Implementation of ICML paper "LazyIter: A Fast Algorithm for Counting Markov Equivalent DAGs and Designing Experiments". You can find the paper here and the PyPi package here.
- using PyPi
LazyIter could be simply installed using pip:
pip install LazyIter-teshnizi
- using the code directly
You can also copy files inside LazyIter folder to your project's folder and import the functions into your code.
- LazyCount
Import lazy_count function from LazyIter.count and pass it the adjacency set of the corresponding MEC to get the MEC size:
from LazyIter.count import lazy_count
neighbors = {
0: {1, 3, 6},
1: {0, 3},
2: {4, 5},
3: {0, 1, 5, 6},
4: {2, 5, 6},
5: {2, 3, 4, 6},
6: {0, 3, 4, 5}
}
print(lazy_count(neighbors))
output:
22
- Passive Learning
You can find the number of directed edges in the worst case for a given set of experiment targets using pl_score function. To find the best target, you could simply iterate over all valid target sets (based on the experiment budget) and choose the one with maximum score.

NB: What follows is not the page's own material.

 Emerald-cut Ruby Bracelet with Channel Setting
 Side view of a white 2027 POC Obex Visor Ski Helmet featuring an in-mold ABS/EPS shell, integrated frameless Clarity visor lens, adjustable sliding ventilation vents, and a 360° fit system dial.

from LazyIter.learn import pl_score
neighbors = {
0: {1, 3, 6},
1: {0, 3},
2: {4, 5},
3: {0, 1, 5, 6},
4: {2, 5, 6},
5: {2, 3, 4, 6},
6: {0, 3, 4, 5}
}
print(pl_score(neighbors, {0, 4}))
output:
8
Explanation: If you intervene on nodes 0 and 4 simultaneously in different trials, you will discover direction of at least 8 edges.
- Active Learning Active learning is a sub-problem of the Passive learning case where the target set contains only 1 node. Therefore, You can use pl_score for this purpose too.
Pull requests are welcome. For major changes, please open an issue first to discuss what you would like to change. Future work maybe focused on adding other experiment score functions.